Hay fuego del cielo a plomo. Algo de bruma en el ambiente aminora el picor en la piel. Cerros amplios y el canto de las cigarras. Veredas donde las epithelanthas son colonias exuberantes que resguardan las elevaciones; prefieren la adversidad y crecen con mayor fuerza exactamente frente al sol del atardecer, sus esferas blancas reciben el ardor hasta que llega la hora de dar tregua a la tierra.
El hombre ha reunido al rebaño que sacó a comer al desierto porque “la seca está muy dura”. Recién llega una camioneta al rancho con hojas de elote para que el ganado coma algo más. Termina y cerveza en mano, se alista para la celebración del pueblo. Es la fiesta de la Santa Cruz, organizada por la familia de doña Noelia Sifuentes y de su esposo Martín de la Rosa.

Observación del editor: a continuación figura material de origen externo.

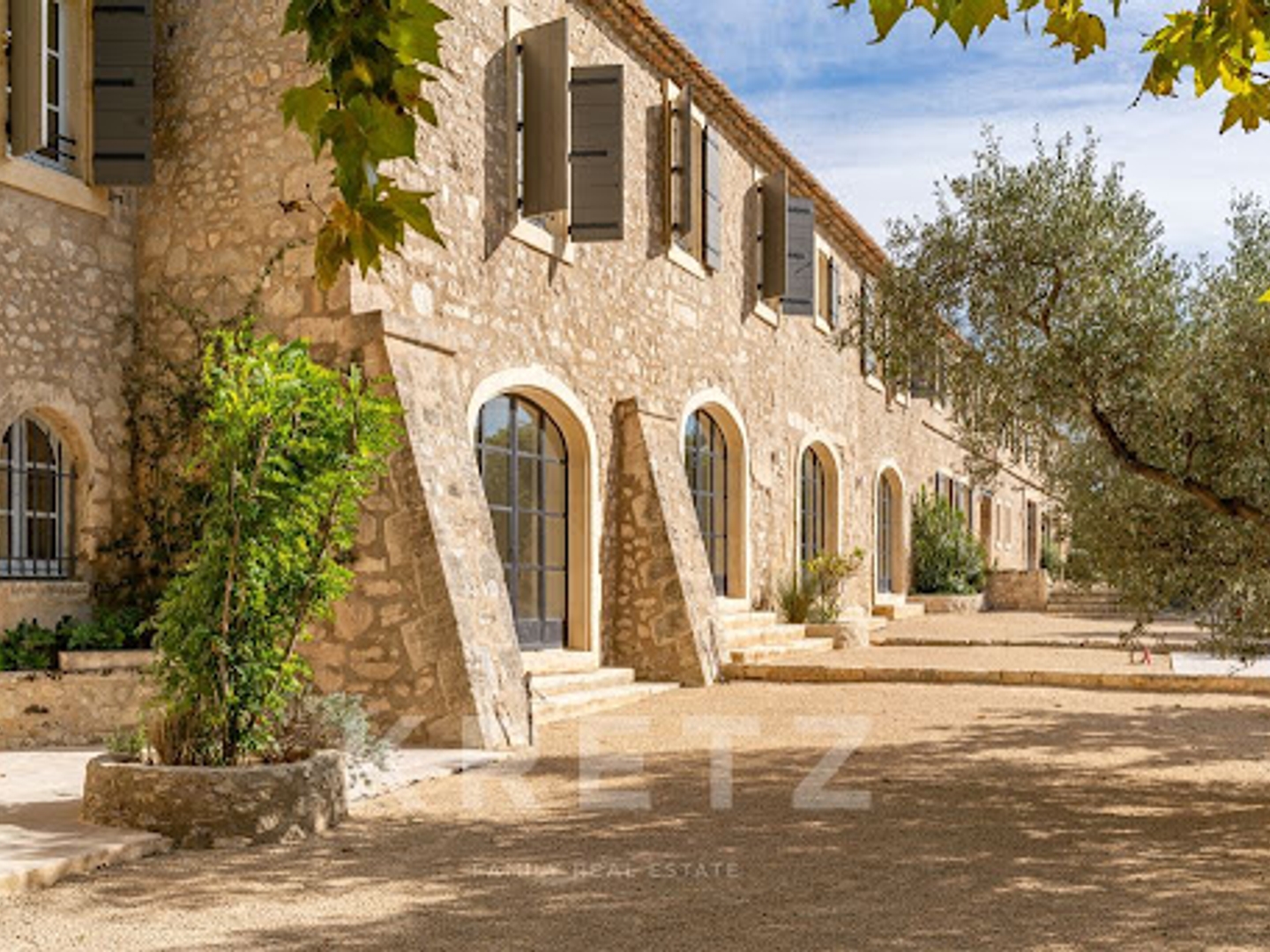 Mas provençal 16 pièces 1368 m²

-Voy a ir a danzarle un rato.
Dice y agrega que han estado danzando desde que amaneció.
-Ya queremos que llueva. Esta fiesta es la buena; el año pasado se danzó el 3 de mayo y pera el 8 ya estaba lloviendo.
Una enramada resguarda la cruz que bajaron del cerro en la mañana. A un costado, un tecladista marca el ritmo electrónico de la danza. Los tambores se suman ante hombres, mujeres y niños, danzantes de la Rosa de Guadalupe quienes son guiados por uno de los hijos de doña Noelia; él es quien marca el paso a seguir. El suelo ha sido regado para que no sea tanto el polvo entre las columnas de danzantes.
Hay sillas y piedras redondas para sentarse a ver la destreza de los danzantes que replican los pasos planteados por su capitán, pasos que se hacen cada vez más complejos. Lucen capas con ribete de olanes; el colorido es intenso: azules, rojos, naranjas, verdes, morados y amarillos. Algunos van con sombrero, otros con gorra deportiva. En sus manos hay sonajas metálicas y en vez de hojas de palma, diseños circulares y en forma de corazón, con papel metálico deshilvanado. A la danza se suman algunos pobladores por momentos. Lo que no se pronuncia en la danza es por lo que se implora con los pies: que llueva. Con fervor en cada golpe: que llueva.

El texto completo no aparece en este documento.